Philips: 125 year history. 108,000 employees across 60 countries and $25bn of revenue.  The incandescent light bulb was invented in 1800’s and it is now being replaced by the LED which is brighter, requires less power, can have its own IP address and therefore controlled by computer…. and lasts 22 YEARS on average.  The table below tells the whole story. So Philips is transforming itself to be a “digital company” using its IP, skills and very open-thinking.


Digitizing your business

There are some drivers when companies consider how to reinvent themselves before they become overtaken by a new entrant.  As an analyst said, “Change is hard, but becoming irrelevant is worse”.  Simply adopting the new digital tools inside the company is clearly not enough. There is an opportunity is to take a clean sheet and re-imagine your business.

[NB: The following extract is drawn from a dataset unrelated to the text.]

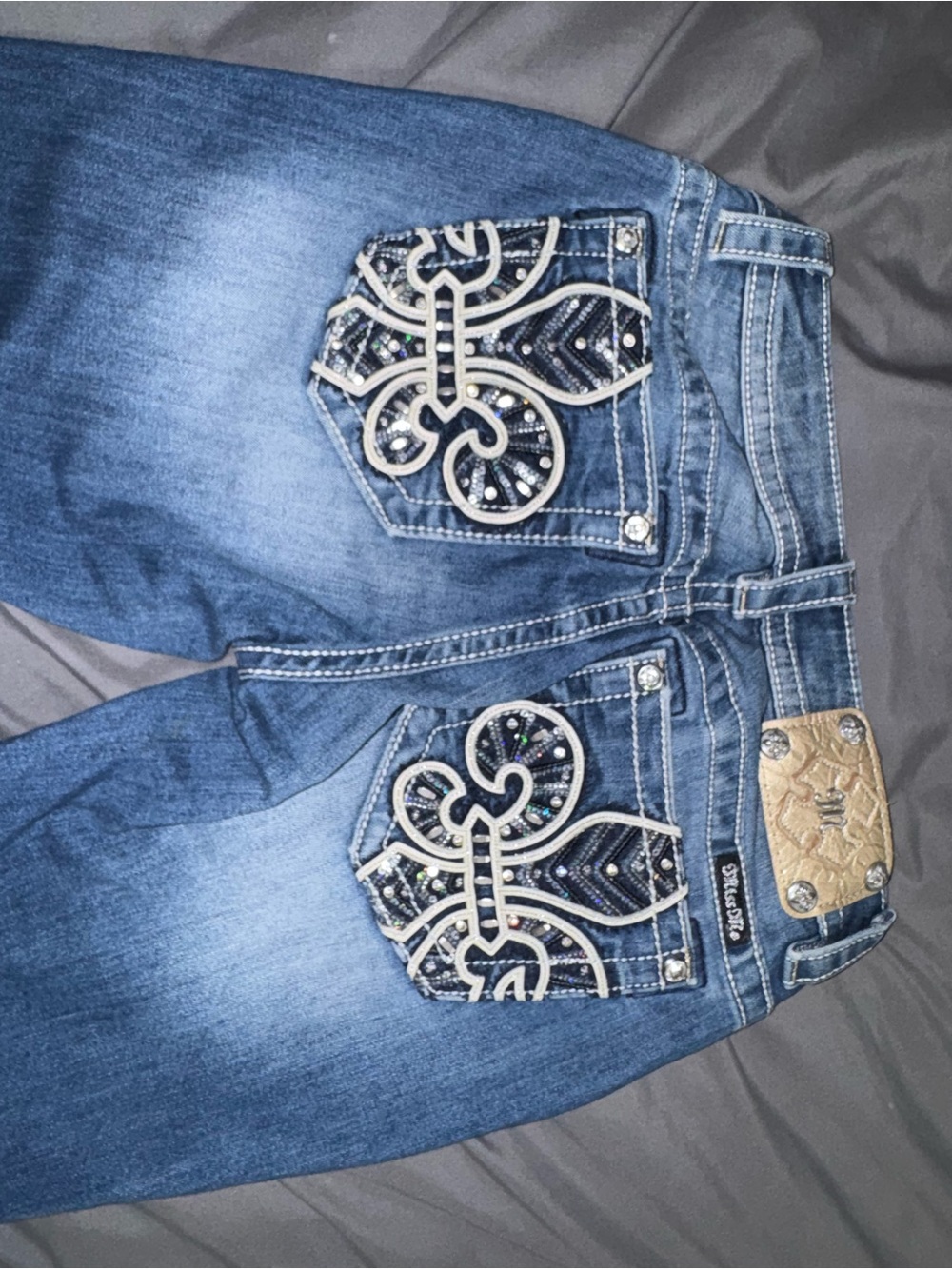 Miss Me Blue Embellished Boot Cut Jeans with Rhinestone Accents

First, let me set the scene and help give some definition to “digital business”:

Marc Andreesen summarized the current phenomenon with a simple phrase “Software is eating the world” which was published in a Wall Street Journal article as far back as 2011.  In that article he argued that every business in every industry would feel the disrupting force of technology and that the new entrants to the market would have a lasting effect. This was more than a bubble or blip: “We believe that many of the prominent new Internet companies are building real, high-growth, high-margin, highly defensible businesses.”

Martin Gill, with the analyst firm Forrester commented, “Digital technologies empower customers like never before, transforming their relationship with brands and products. The speed with which consumers embrace these new touch points is only getting faster, blindsiding firms that struggle to adapt. To compete in the face of digital disruption, your firm must transform, and as an eBusiness leader, you must help shape how. You must enhance your digital customer experience while also driving agility and efficiency through digital operational excellence. This is a tough challenge. Few firms have made the transformation, and many will fall along the way.”

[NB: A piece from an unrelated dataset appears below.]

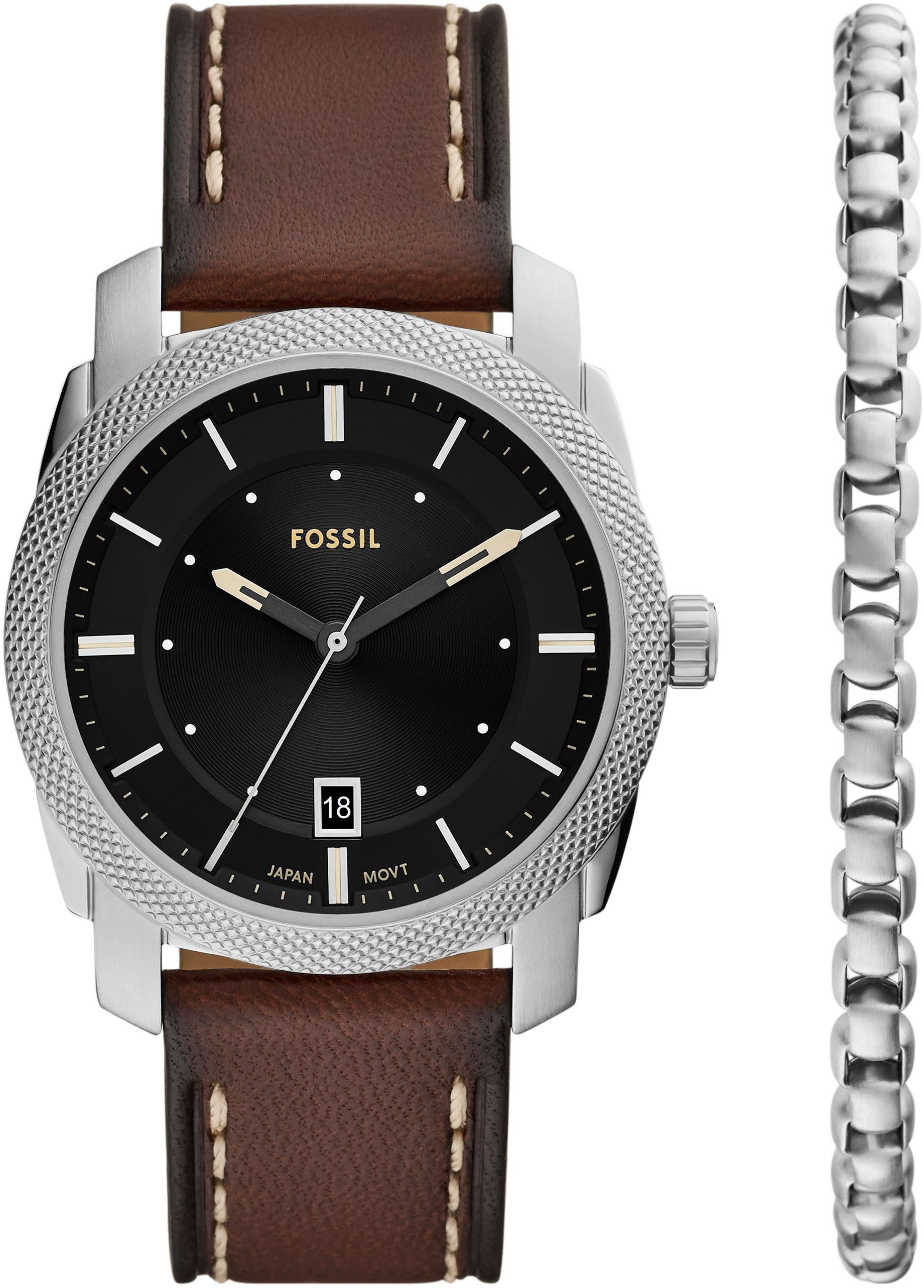 Fossil Quarzuhr MACHINE FS6081SET, (Set, 2-tlg., günstig online kaufen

When designing a new “digital business”, here are some areas to consider:

  1. Look through the customer’s eyes so you design the customer experience that delights
  2. Understand the “moments of truth” touch points for the customer and how you can add value
  3. Design the complete friction-free end to end process, which includes the customer, your teams and 3rd party providers (partners, suppliers) 
  4. Provide the apps that enable your customers to self-serve and your teams perform at their best, when and where they need them
  5. Build a culture and mechanisms for continuous improvement and make change a competence
  6. Measure what makes a difference so you can monitor and course correct in real time

Implications for Process Professionals

Celebrate. Your time has come. You are so lucky to be in the role when this digital revolution rolls through. The pace of change may feel scary and there is always a chance that your company does not survive.  But you can be part of the vanguard that is driving and executing the new digital strategy. You are at the heart of building a whole new business - but with less risk than joining a start-up.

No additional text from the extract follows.